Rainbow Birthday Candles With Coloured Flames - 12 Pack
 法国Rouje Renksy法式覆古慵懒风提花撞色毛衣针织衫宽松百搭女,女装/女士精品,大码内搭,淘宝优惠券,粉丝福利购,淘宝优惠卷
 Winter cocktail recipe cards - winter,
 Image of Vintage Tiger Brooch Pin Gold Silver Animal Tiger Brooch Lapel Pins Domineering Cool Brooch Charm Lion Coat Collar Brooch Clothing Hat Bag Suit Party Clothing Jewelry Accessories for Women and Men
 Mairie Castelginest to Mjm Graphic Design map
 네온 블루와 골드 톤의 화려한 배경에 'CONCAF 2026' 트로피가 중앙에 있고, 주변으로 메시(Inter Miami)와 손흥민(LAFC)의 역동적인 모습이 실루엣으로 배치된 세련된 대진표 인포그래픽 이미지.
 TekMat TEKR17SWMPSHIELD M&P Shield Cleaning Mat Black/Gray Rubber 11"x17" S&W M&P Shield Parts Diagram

*Action item*:
Exact reproduction of every entry is needed.

*Output below*:
Rainbow Birthday Candles With Coloured Flames - 12 Pack
 法国Rouje Renksy法式覆古慵懒风提花撞色毛衣针织衫宽松百搭女,女装/女士精品,大码内搭,淘宝优惠券,粉丝福利购,淘宝优惠卷
 Winter cocktail recipe cards - winter,
 Image of Vintage Tiger Brooch Pin Gold Silver Animal Tiger Brooch Lapel Pins Domineering Cool Brooch Charm Lion Coat Collar Brooch Clothing Hat Bag Suit Party Clothing Jewelry Accessories for Women and Men
 Mairie Castelginest to Mjm Graphic Design map
 네온 블루와 골드 톤의 화려한 배경에 'CONCAF 2026' 트로피가 중앙에 있고, 주변으로 메시(Inter Miami)와 손흥민(LAFC)의 역동적인 모습이 실루엣으로 배치된 세련된 대진표 인포그래픽 이미지.
 TekMat TEKR17SWMPSHIELD M&P Shield Cleaning Mat Black/Gray Rubber 11"x17" S&W M&P Shield Parts Diagram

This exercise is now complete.